# Test Hastags

In [10]:
bbc_news_hashtags = {
    "news1": [
        "#DonaldTrump",
        "#DanaWhite",
        "#UFC",
        "#RNC",
        "#MMA",
        "#Republican",
        "#JohnMcCain",
        "#TrumpTajMahal",
        "#AtlanticCity",
        "#NewJersey",
        "#USSenator"
    ],
    "news2": [
        "#Fangirls",
        "#HarryStyles",
        "#Swifties",
        "#TaylorSwift",
        "#ErasTour",
        "#YveBlake",
        "#OneDirection",
        "#ZaynMalik",
        "#Musical",
        "#SydneyOperaHouse",
        "#LyricTheatre",
        "#Hammersmith",
        "#JasmineElcock",
        "#BritainsGotTalent"
    ],
    "news3" : [
    "#GreyhoundRacing",
    "#AnimalCruelty",
    "#Whistleblower",
    "#Australia",
    "#GRNSW",
    "#NSW",
    "#AlexBrittan",
    "#AnimalWelfare",
    "#DogRacing",
    "#Injustice",
    "#Inquiry",
    "#DavidHarris",
    "#ChrisMinns",
    "#EmmaHurst",
    "#Sydney"
],
}
guardian_news_hashtags = {
    "news1": [
    "#GreyhoundRacing",
    "#AnimalWelfare",
    "#AnimalAbuse",
    "#VeterinaryReport",
    "#NSWInquiry",
    "#PublicHearings",
    "#WhistleblowerProtection",
    "#ChrisMinns",
    "#RacingIndustry",
    "#GamblingIndustry"
]
}

cnn_news_hashtags = {
    "news1": [
        "#SpaceExploration",
        "#MarsMission",
        "#NASA",
        "#Astronauts",
        "#SpaceStation",
        "#InterstellarTravel",
        "#Galaxies",
        "#Astrobiology",
        "#SpaceTechnology",
        "#RocketScience",
        "#CosmicDiscovery"
    ],
    "news2": [
        "#ClimateChange",
        "#SustainableLiving",
        "#GreenEnergy",
        "#RenewableResources",
        "#EcoFriendly",
        "#CarbonFootprint",
        "#ClimateAction",
        "#GlobalWarming",
        "#EnvironmentalPolicy",
        "#CleanEnergy",
        "#EarthDay"
    ],
    "news3": [
        "#DigitalNomads",
        "#RemoteWork",
        "#FreelanceLife",
        "#WorkFromAnywhere",
        "#OnlineBusiness",
        "#VirtualTeams",
        "#TravelAndWork",
        "#GigEconomy",
        "#DigitalMarketing",
        "#HomeOffice",
        "#WorkLifeBalance"
    ]
}


## Imports

In [6]:
from sklearn.feature_extraction.text import CountVectorizer
import numpy as np
from sentence_transformers import SentenceTransformer
from sklearn.metrics.pairwise import cosine_similarity

## Define Model

In [7]:
model = SentenceTransformer('all-MiniLM-L6-v2')




## PreProcess

In [11]:

# Preprocess hashtags into strings
def preprocess_hashtags(hashtags):
    return ' '.join([hashtag.lower() for hashtag in hashtags])

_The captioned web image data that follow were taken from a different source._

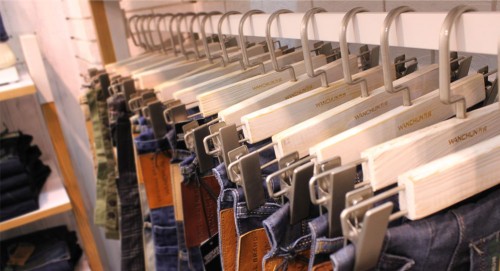 万纯牛仔店铺展示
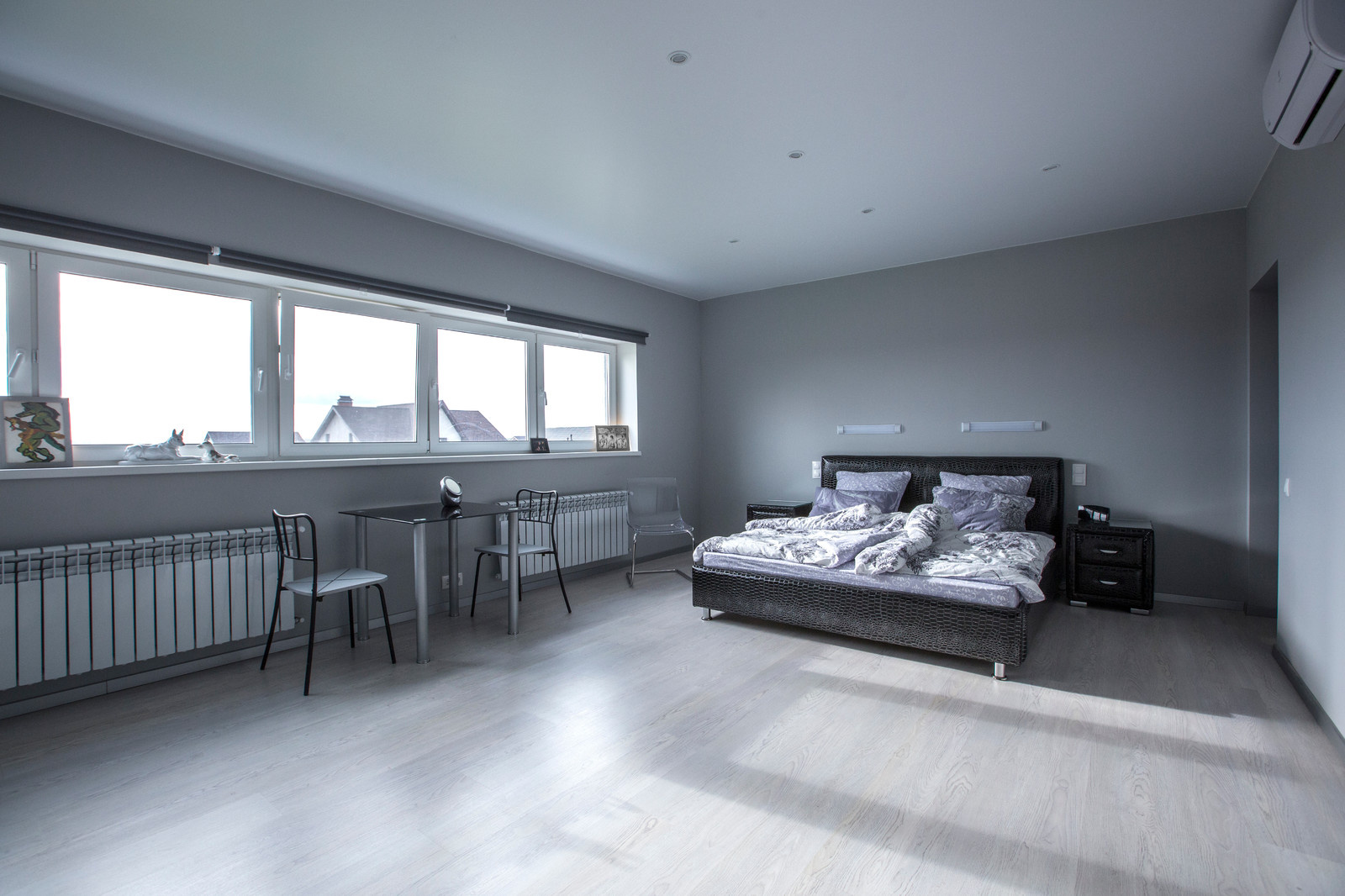 Ни чего лишнего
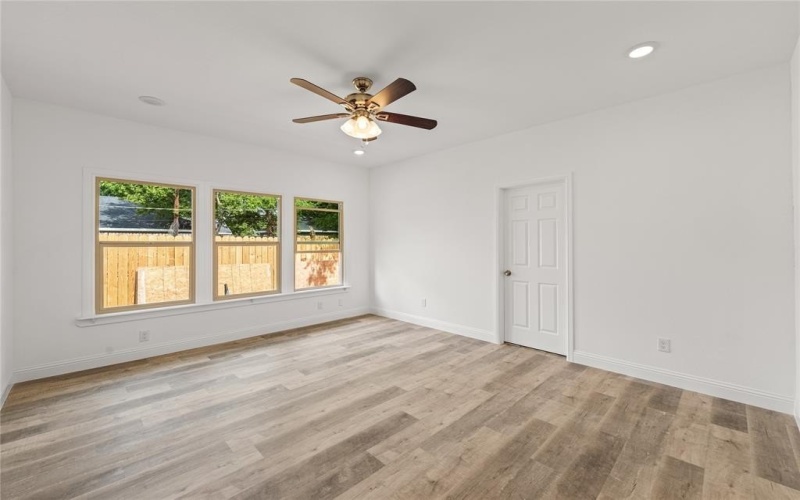 1612 E Leuda Street, Fort Worth, TX 76104, 4 Bedrooms Bedrooms, ,2 BathroomsBathrooms,Residential,For Sale,1612 E Leuda Street,20815836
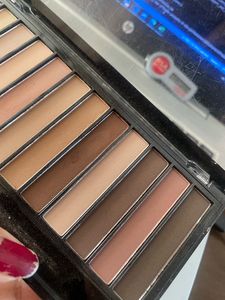 MakeupRevolution Eye Shadow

# Generate embeddings for each set of hashtags
bbc_news_texts = {key: preprocess_hashtags(value) for key, value in bbc_news_hashtags.items()}
guardian_news_texts = {key: preprocess_hashtags(value) for key, value in guardian_news_hashtags.items()}
cnn_news_texts = {key: preprocess_hashtags(value) for key, value in cnn_news_hashtags.items()}

bbc_embeddings = {key: model.encode(text) for key, text in bbc_news_texts.items()}
guardian_embeddings = {key: model.encode(text) for key, text in guardian_news_texts.items()}
cnn_embeddings = {key: model.encode(text) for key, text in cnn_news_texts.items()}



## Calculate similarity

In [12]:

# Calculate similarity scores between BBC, Guardian, and CNN news
similarity_scores = {}
for bbc_key, bbc_embed in bbc_embeddings.items():
    for guardian_key, guardian_embed in guardian_embeddings.items():
        score = cosine_similarity([bbc_embed], [guardian_embed])[0][0]
        similarity_scores[(bbc_key, guardian_key, 'Guardian')] = score
    
    for cnn_key, cnn_embed in cnn_embeddings.items():
        score = cosine_similarity([bbc_embed], [cnn_embed])[0][0]
        similarity_scores[(bbc_key, cnn_key, 'CNN')] = score

for guardian_key, guardian_embed in guardian_embeddings.items():
    for cnn_key, cnn_embed in cnn_embeddings.items():
        score = cosine_similarity([guardian_embed], [cnn_embed])[0][0]
        similarity_scores[(guardian_key, cnn_key, 'CNN')] = score

# Print the similarity scores
for (news1_key, news2_key, source), score in similarity_scores.items():
    print(f"Similarity between {source} {news1_key} and {source} {news2_key}: {score:.2f}")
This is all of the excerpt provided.